== Segment start ==

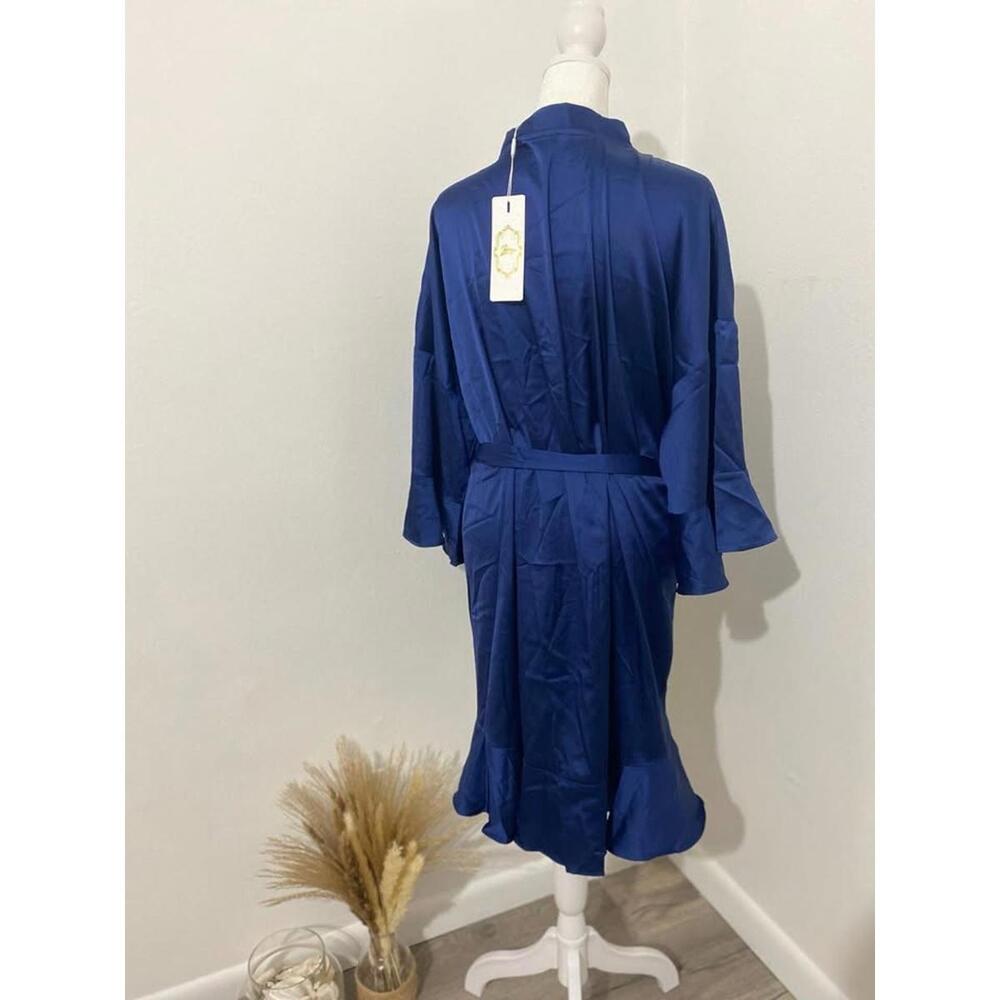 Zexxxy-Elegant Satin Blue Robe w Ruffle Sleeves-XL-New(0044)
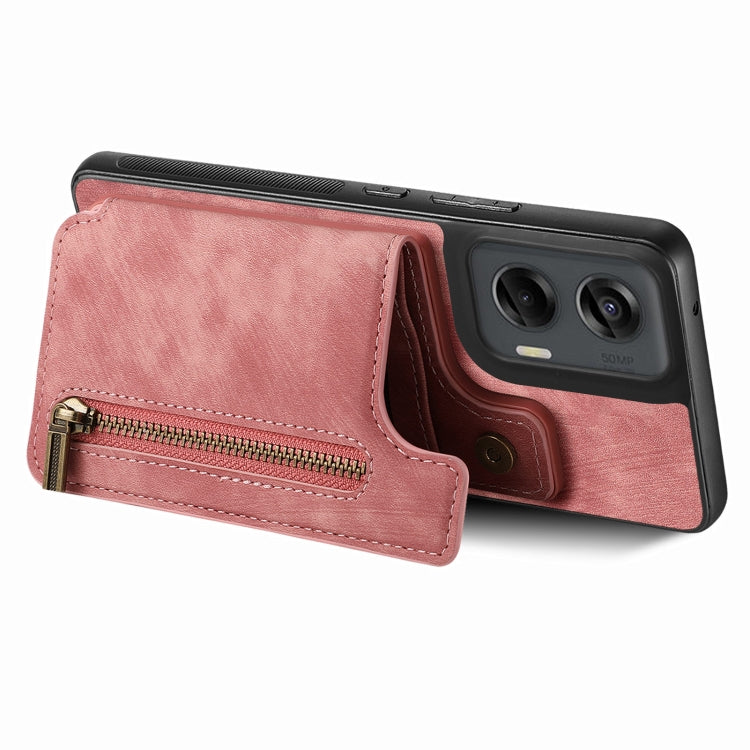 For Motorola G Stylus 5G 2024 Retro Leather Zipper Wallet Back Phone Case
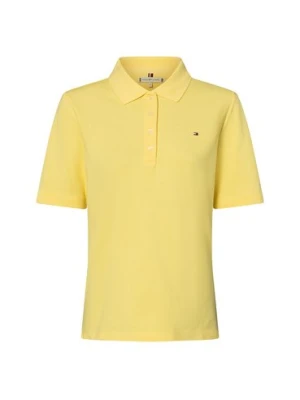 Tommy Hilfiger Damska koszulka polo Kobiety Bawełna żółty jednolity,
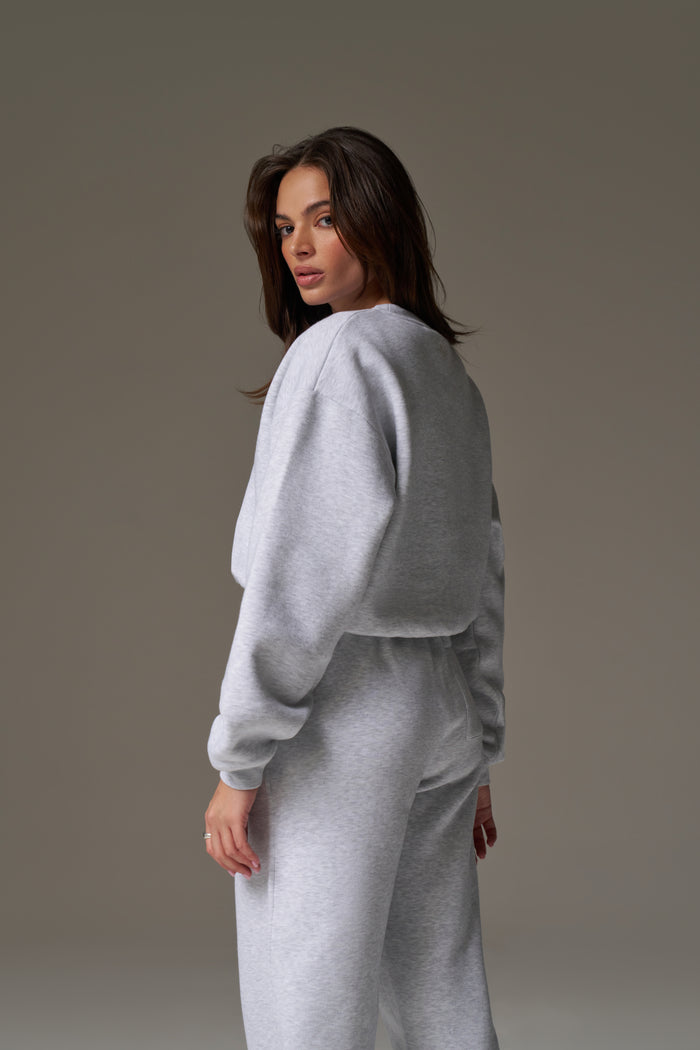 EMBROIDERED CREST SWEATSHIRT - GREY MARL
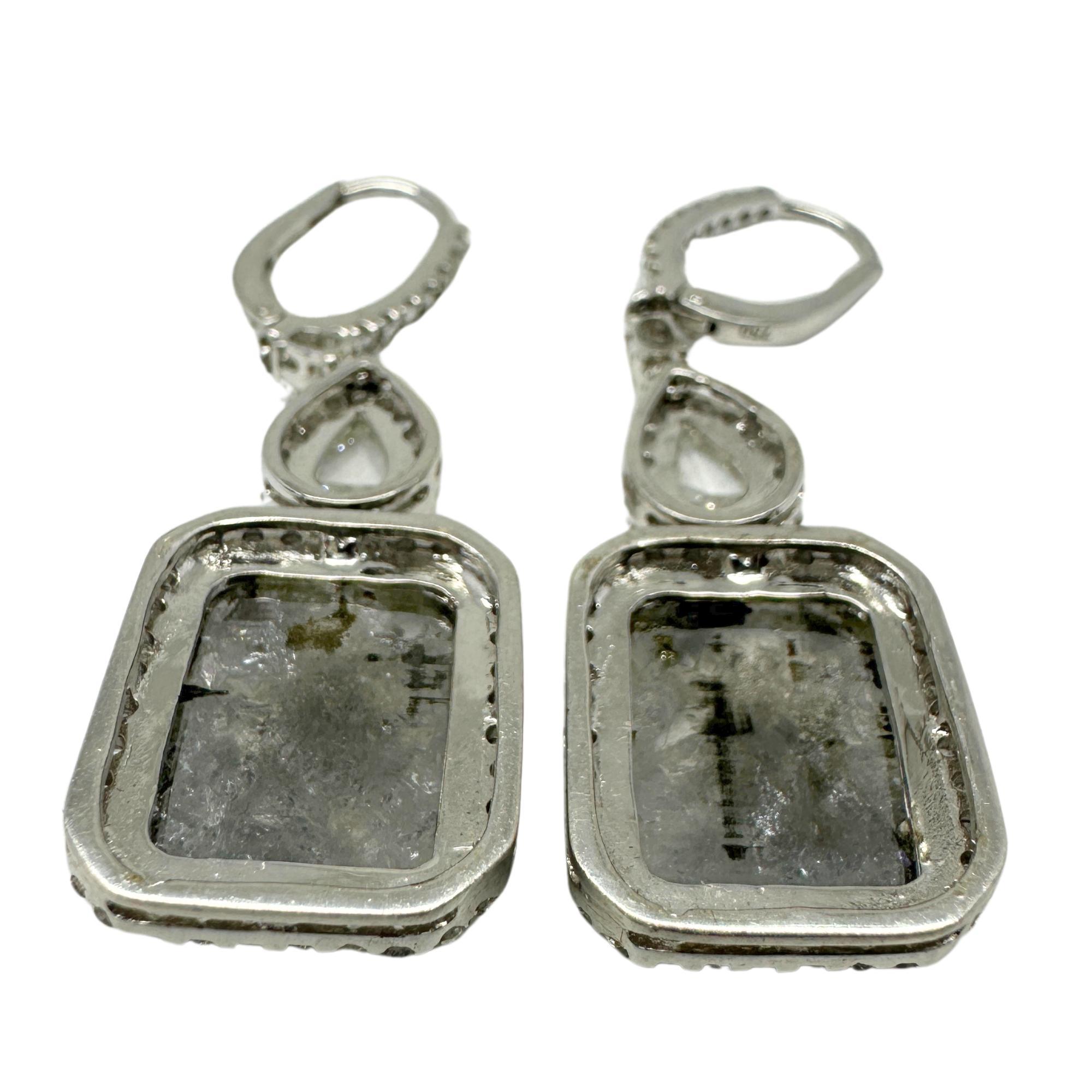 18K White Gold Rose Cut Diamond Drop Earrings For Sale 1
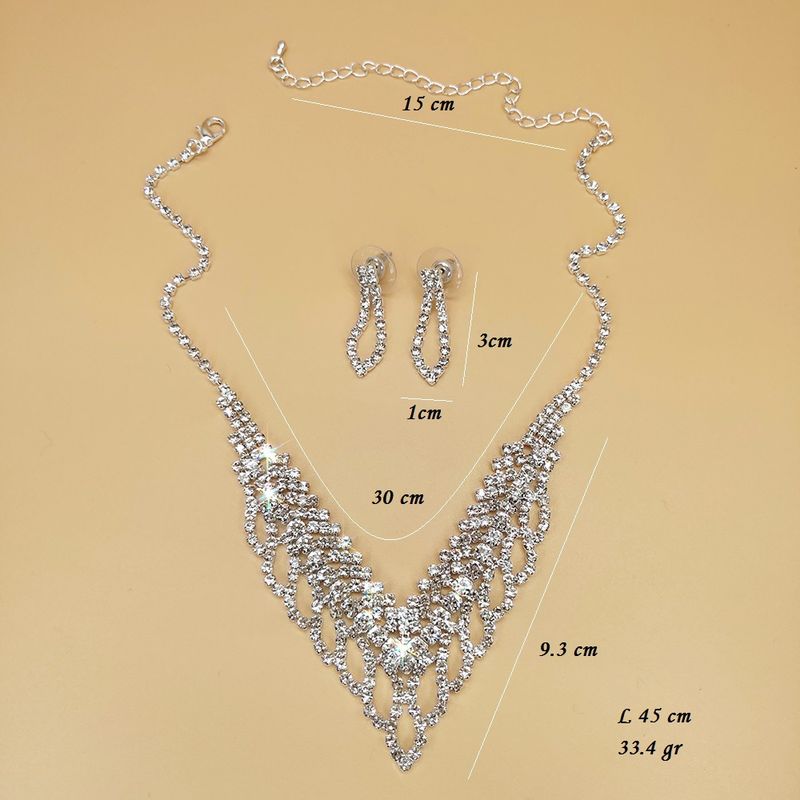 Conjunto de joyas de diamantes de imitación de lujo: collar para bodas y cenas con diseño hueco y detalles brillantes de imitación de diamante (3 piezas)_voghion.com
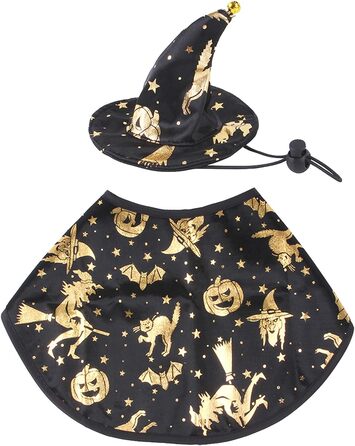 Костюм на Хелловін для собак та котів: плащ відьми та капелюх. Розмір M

== Segment end ==

> Work required
Output the whole listing without change. Any picture is to be left out.

> Response area
 Zexxxy-Elegant Satin Blue Robe w Ruffle Sleeves-XL-New(0044)
 For Motorola G Stylus 5G 2024 Retro Leather Zipper Wallet Back Phone Case
 Tommy Hilfiger Damska koszulka polo Kobiety Bawełna żółty jednolity,
 EMBROIDERED CREST SWEATSHIRT - GREY MARL
 18K White Gold Rose Cut Diamond Drop Earrings For Sale 1
 Conjunto de joyas de diamantes de imitación de lujo: collar para bodas y cenas con diseño hueco y detalles brillantes de imitación de diamante (3 piezas)_voghion.com
 Костюм на Хелловін для собак та котів: плащ відьми та капелюх. Розмір M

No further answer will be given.